とたん、叔母は奇声を発して私の手を掴み、やにわにテーブルに打ちつけた。九十歳とは思えぬ力と勢いだ。私はそんな叔母の仕種をかわいく思い、大仰に痛い痛いと叫んだ。すると叔母は、この人面白いと言って笑った。
それから私たちは交互に叔母に話しかけたが、たどたどしいながらも答えがすぐに返る。そして時々屈託なく笑う。昔の叔母は、陽気で話好きで頭の回転の早い人だった。今もその片麟に接して私はうれしくなった。

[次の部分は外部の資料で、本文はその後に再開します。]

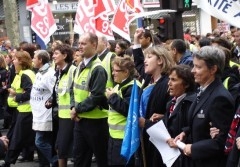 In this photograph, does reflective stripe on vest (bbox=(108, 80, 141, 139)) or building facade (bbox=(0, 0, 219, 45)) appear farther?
building facade (bbox=(0, 0, 219, 45))

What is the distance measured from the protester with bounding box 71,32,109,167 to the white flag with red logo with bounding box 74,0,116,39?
288cm

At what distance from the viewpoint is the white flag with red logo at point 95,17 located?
1059 centimetres

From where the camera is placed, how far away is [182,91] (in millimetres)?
5820

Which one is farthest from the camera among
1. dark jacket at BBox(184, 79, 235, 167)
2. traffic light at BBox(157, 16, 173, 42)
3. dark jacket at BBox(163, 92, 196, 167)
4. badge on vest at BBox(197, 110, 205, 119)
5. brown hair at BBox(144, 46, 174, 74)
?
traffic light at BBox(157, 16, 173, 42)

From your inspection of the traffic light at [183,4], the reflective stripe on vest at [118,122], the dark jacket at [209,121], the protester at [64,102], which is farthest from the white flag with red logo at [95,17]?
the dark jacket at [209,121]

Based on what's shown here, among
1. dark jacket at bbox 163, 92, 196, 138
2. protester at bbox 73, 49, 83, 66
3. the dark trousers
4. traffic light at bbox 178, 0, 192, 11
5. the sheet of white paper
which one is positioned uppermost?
traffic light at bbox 178, 0, 192, 11

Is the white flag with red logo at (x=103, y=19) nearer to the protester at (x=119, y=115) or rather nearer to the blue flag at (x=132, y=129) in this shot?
the protester at (x=119, y=115)

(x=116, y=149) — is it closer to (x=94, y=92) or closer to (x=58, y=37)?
(x=94, y=92)

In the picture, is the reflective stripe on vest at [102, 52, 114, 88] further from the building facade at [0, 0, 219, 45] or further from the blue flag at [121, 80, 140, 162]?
the building facade at [0, 0, 219, 45]

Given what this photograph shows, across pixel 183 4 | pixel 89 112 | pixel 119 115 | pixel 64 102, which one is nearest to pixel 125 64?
pixel 119 115

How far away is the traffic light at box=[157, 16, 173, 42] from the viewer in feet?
34.4

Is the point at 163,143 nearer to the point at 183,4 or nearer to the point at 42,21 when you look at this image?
the point at 183,4

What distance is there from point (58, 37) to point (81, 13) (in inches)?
708

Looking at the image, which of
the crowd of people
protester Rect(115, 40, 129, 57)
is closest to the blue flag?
the crowd of people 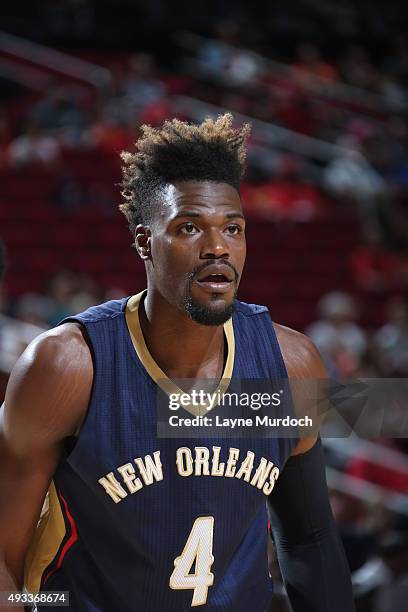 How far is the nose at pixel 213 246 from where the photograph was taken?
81.8 inches

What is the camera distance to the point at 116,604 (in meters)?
2.11

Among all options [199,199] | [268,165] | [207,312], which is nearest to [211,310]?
[207,312]

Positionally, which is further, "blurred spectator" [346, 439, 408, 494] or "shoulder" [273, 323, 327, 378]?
"blurred spectator" [346, 439, 408, 494]

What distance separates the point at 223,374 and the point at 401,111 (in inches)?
→ 389

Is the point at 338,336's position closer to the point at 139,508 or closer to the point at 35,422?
the point at 139,508

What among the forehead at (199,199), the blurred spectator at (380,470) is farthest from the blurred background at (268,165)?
the forehead at (199,199)

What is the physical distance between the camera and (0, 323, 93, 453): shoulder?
2008 mm

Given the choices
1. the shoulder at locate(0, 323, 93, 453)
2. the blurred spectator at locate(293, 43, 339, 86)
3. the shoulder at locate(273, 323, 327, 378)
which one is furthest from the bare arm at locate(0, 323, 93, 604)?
the blurred spectator at locate(293, 43, 339, 86)

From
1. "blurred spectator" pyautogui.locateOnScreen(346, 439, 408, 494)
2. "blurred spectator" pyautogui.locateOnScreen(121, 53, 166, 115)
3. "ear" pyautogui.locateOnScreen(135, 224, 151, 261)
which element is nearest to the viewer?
"ear" pyautogui.locateOnScreen(135, 224, 151, 261)

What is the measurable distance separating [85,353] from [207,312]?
0.28 meters

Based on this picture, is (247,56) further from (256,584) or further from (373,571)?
(256,584)

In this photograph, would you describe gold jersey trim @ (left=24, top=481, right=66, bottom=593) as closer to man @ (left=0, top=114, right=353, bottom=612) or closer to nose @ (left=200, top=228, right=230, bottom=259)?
man @ (left=0, top=114, right=353, bottom=612)

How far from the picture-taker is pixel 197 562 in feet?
6.94

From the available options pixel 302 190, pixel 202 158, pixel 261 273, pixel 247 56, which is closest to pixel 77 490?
pixel 202 158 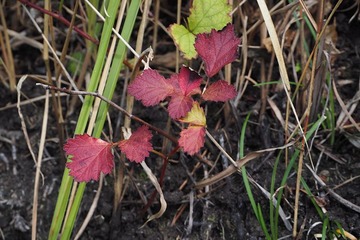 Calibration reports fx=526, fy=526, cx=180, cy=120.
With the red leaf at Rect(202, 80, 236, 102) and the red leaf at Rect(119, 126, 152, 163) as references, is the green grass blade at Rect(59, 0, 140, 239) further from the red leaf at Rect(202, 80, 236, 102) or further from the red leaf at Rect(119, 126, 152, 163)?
the red leaf at Rect(202, 80, 236, 102)

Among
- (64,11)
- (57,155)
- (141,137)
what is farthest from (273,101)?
(64,11)

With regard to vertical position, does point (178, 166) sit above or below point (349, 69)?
below

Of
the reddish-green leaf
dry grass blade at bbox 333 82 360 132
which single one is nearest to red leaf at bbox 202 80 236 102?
the reddish-green leaf

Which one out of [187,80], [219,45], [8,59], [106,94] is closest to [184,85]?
[187,80]

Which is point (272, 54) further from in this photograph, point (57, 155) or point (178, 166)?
point (57, 155)

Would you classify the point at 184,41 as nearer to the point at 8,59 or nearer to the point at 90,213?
the point at 90,213

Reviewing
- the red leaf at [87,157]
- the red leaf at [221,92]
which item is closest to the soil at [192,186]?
the red leaf at [87,157] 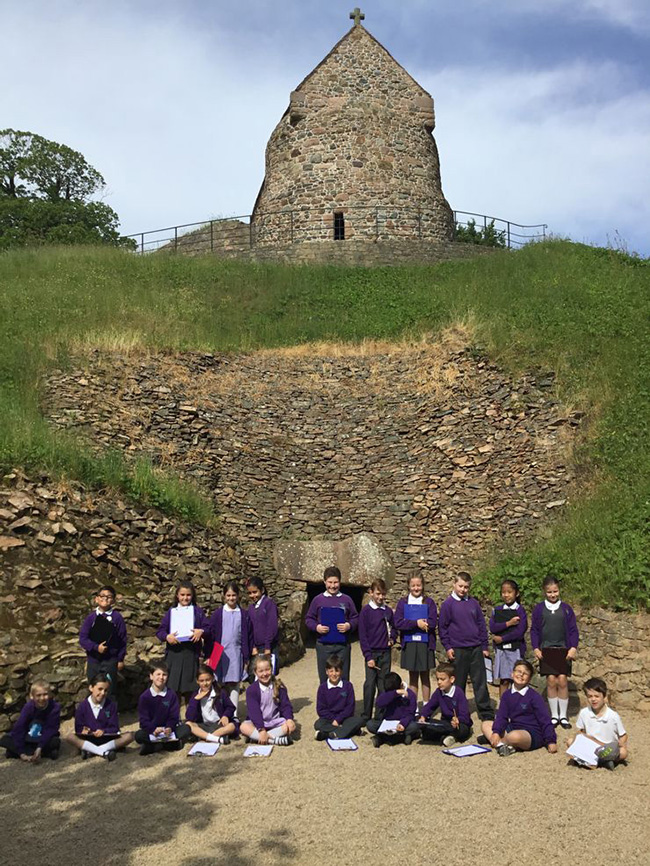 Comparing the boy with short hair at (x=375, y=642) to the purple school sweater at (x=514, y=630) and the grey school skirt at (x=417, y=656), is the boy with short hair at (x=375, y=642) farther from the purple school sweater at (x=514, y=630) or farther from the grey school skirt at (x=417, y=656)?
the purple school sweater at (x=514, y=630)

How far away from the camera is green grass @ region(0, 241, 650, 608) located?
36.8ft

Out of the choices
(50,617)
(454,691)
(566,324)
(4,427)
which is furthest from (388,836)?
(566,324)

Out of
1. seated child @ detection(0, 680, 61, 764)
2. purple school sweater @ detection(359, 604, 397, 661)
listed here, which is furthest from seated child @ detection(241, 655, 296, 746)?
seated child @ detection(0, 680, 61, 764)

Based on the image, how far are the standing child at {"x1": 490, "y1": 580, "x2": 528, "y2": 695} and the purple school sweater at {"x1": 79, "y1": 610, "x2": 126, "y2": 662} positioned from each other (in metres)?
4.55

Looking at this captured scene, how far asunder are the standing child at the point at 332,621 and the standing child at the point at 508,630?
6.38 ft

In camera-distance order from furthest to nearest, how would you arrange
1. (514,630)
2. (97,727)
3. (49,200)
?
(49,200) → (514,630) → (97,727)

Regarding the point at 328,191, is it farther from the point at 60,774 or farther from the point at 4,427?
the point at 60,774

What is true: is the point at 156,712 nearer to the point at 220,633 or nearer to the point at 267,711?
the point at 267,711

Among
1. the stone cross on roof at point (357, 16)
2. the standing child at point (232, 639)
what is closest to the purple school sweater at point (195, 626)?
the standing child at point (232, 639)

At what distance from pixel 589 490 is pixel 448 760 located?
6917mm

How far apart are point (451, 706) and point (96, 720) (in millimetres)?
3709

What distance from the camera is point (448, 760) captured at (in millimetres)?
6941

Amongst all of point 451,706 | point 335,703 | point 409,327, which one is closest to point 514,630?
point 451,706

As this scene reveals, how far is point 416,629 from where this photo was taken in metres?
8.53
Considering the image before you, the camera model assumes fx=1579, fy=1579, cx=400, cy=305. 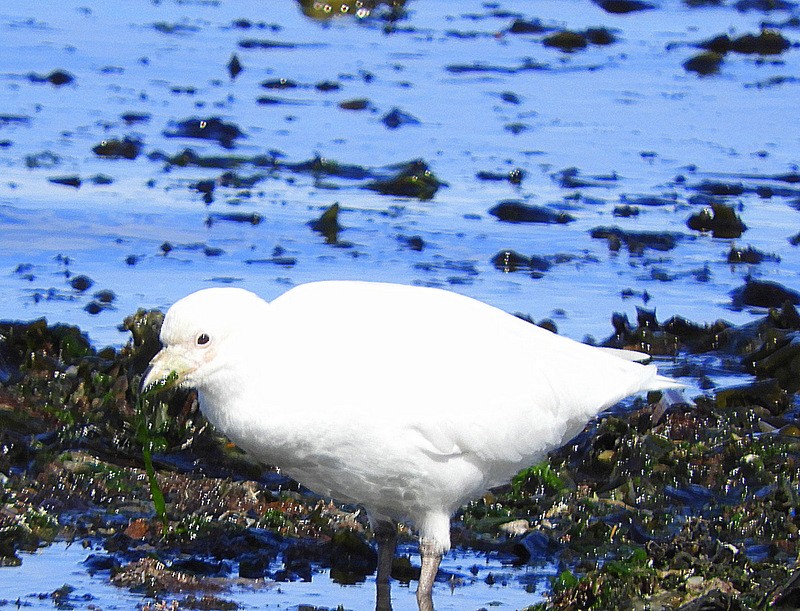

その内、おばちゃん私の手を強く握って離さない、と言って長女が泣きだした。私も過 去の様々な出来事が胸をよぎって目頭が熱くなった。突然、叔母がこの子昔な、よう家に来てたことあるねん、とポツリともらした。そして長女をしげしげと見つめて、あんたはええ子やと言った。たちまち、長女の瞳に涙があふれ、叔母の手を握りしめた。私はそんな二人を眺め、来てよかったとつくづく思った。